Fidèle compagnon de voyage, un petit carnet, pour tout noter et essayer, de retour, de reproduire les saveurs, les cuissons, les mises en scène, le service… D’une cuisine régionale, l’établissement évolue vers une cuisine plus internationale, inspirée de la gastronomie française et décroche, après quelques années, une première étoile au guide Michelin, puis une deuxième, dix ans après.
 
 

"Mes recettes ne sont pas compliquées à réaliser. Elles sont là pour vous donner des idées, non pour vous enfermer. Laissez libre cours à votre inspiration, osez et faites-vous plaisir !"

 
 

Parmi ses maîtres, auprès desquels il effectue de nombreux stages, figurent des noms prestigieux comme Claude Deligne, Chef du Taillevent à Paris, Jean Claude Bourgueil, le créateur du fameux Im Schiffchen à Düsseldorf, tous les deux triplement étoilés, Piet Faveere, propriétaire de la célèbre pâtisserie Jef Damme, à Gand (Belgique), ou plus récemment, le Chef Jacques Chibois, qui officie à la Bastide Saint Antoine à Grasse.
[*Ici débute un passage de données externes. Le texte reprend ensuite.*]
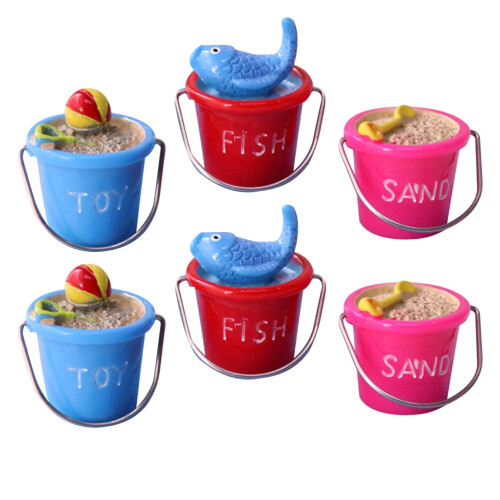 Mini Beach Bucket Garden Figurines Assorted Colors 6 pcs 2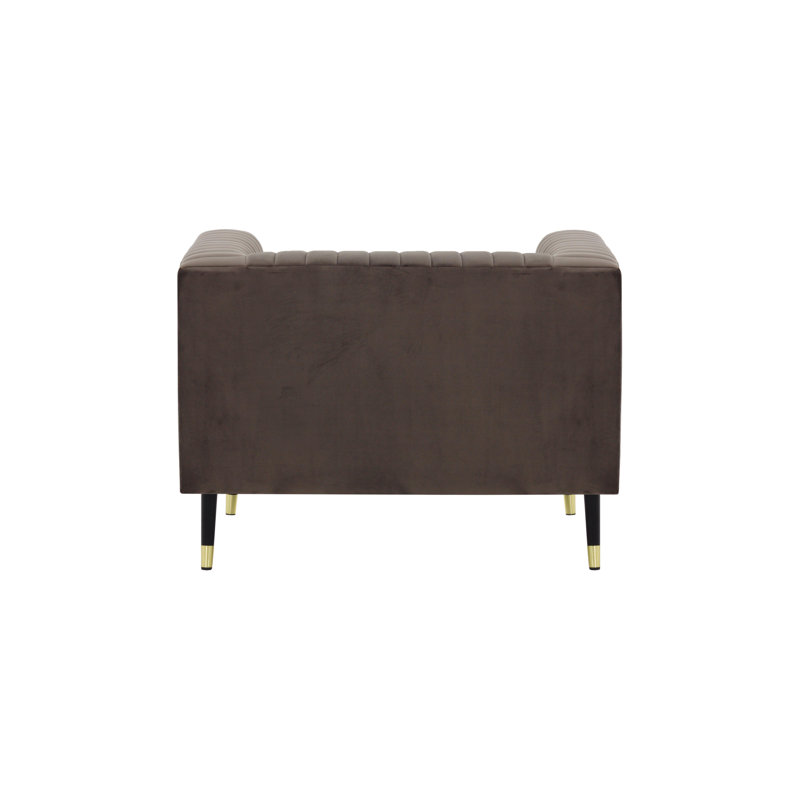 Clevenger Velvet Armchair, Brown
D’eux, il avoue avec grande humilité avoir tout appris, tout compris.

La rencontre avec l’amour de sa vie, devenue depuis sa femme, le convainc d’opter pour un rythme plus compatible avec la vie de famille. Après 30 ans de bons et loyaux services dans le même établissement, Werner Wagner intègre au début des années 2000 la Banque de Luxembourg. À son arrivée, il ne recevra qu’une seule consigne : faire simple, léger, authentique. Un mot d’ordre devenu depuis une véritable religion… Débarrassée des lourdeurs ou de la sophistication de la cuisine bourgeoise, sa cuisine s’affine, s’allège, affirme et revendique son naturel. Levé à 5h 00, il n’hésite pas à parcourir chaque matin les 120 km qui le séparent de la Provençale, le plus grand marché du Luxembourg.

Là, il se laisse séduire par l’ultra-fraîcheur d’une coquille Saint-Jacques toute frémissante, le rouge passion d’une tomate fraîchement cueillie, la rondeur appétissante d’une poularde de Bresse, le parfum de noisette d’une morille tout juste ramassée. La composition viendra après, sur la route du retour, lorsque son esprit vagabondera au gré des parfums, des couleurs et des sons de la nature environnante.

Werner Wagner est un Chef qui nous rappelle qu’il faut s’émerveiller des choses simples et naturelles. En amoureux de la nature, il sait cueillir les cadeaux qu’elle nous offre à chaque saison. Et ose des harmonies inédites, en toute simplicité. Sa seule limite est son inspiration, une liberté qu’il apprécie par-dessus tout. À la table de La Villa du Parc Amélie, point de carte, point de recette pérenne. Le Chef improvise chaque jour, en fonction de son humeur du moment, du temps qu’il fait, de la lumière du jour… Exigeant sur le produit, minutieux sur les cuissons, le Chef défend la fraîcheur et la saveur authentique avant tout. Pour Werner Wagner, une assiette doit rester vivante : belle, colorée et attirante.